The window in which you can enroll in the Affordable Care Act will be half the time that it usually is.
In previous years, open enrollment lasted until mid-January.
Now, with half the time to enroll, consumers will have to work quickly to make sure they are covered in the upcoming year.
Norbeto Gonzalez, program director at MHP Salud, formerly known as Migrant Health Promotion, said the short six-week period will make for a busy season.
Gonzalez said his organization is working on the logistics to meet the demands and needs of their consumers.
“Our main concern is getting our consumers enrolled during the open enrollment,” Gonzalez said.
Currently, Healthcare.gov allows people to window shop insurance policies to find the right one before the open enrollment date.

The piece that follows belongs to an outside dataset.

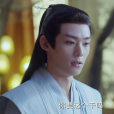 子非(電視劇《念無雙》中的角色) 子非(電視劇《念無雙》中的角色)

“I do advise for consumers to go online and create a profile so they can evaluate their options,” Gonzalez said.
Gonzalez said making the deadline will help those enrolled have control over their plan.
Karen Martinez is a district manager and licensed agent with the Freedom Insurance Company and advises people to enroll as soon as possible.

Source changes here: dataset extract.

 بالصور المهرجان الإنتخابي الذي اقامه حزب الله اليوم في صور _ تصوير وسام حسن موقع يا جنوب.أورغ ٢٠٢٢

Those who miss the deadline will be allowed to enroll during the special enrollment period if they qualify for reasons such as getting married, having a baby or losing health coverage.
Martinez said insurers are now asking for proof in order to apply for special enrollment.
“Special enrollment is only 30 days, so it’s important to start quickly and don’t do it by mail,” Martinez said.
Martinez said items that are sent through mail can get lost, which could make the customer miss the deadline.
“Do everything electronically or fax it,” Martinez said. “It’s quicker and easier to track.”
Martinez said one of the biggest mistakes first-timers make when applying for health insurance is not accurately calculating their income.
Martinez said their cost for insurance will be off, which might seem great during the year, but come tax season consumers will be asked to pay the appropriate amount.
“Quotes are based off household size and income and if it’s done wrong, it could impact their tax return,” Martinez said.
Any changes to income or household size throughout the year must be reported.
Martinez advises anyone enrolling for the first time to meet with a specialist and provide pay stubs and tax returns to help the process go quickly.
“Enrolling is really time sensitive this year,” Martinez said.
Although each year the enrollment period has decreased, there has been a dramatic drop of uninsured residents in Cameron County — from 2014 to 2016.
In 2014, at 43.6 percent, Cameron County’s uninsured was almost double the state’s average of uninsured.
According to the Census Bureau, in 2016 that number dropped in Cameron County to 28.6 percent, while the state was at 18.6 percent.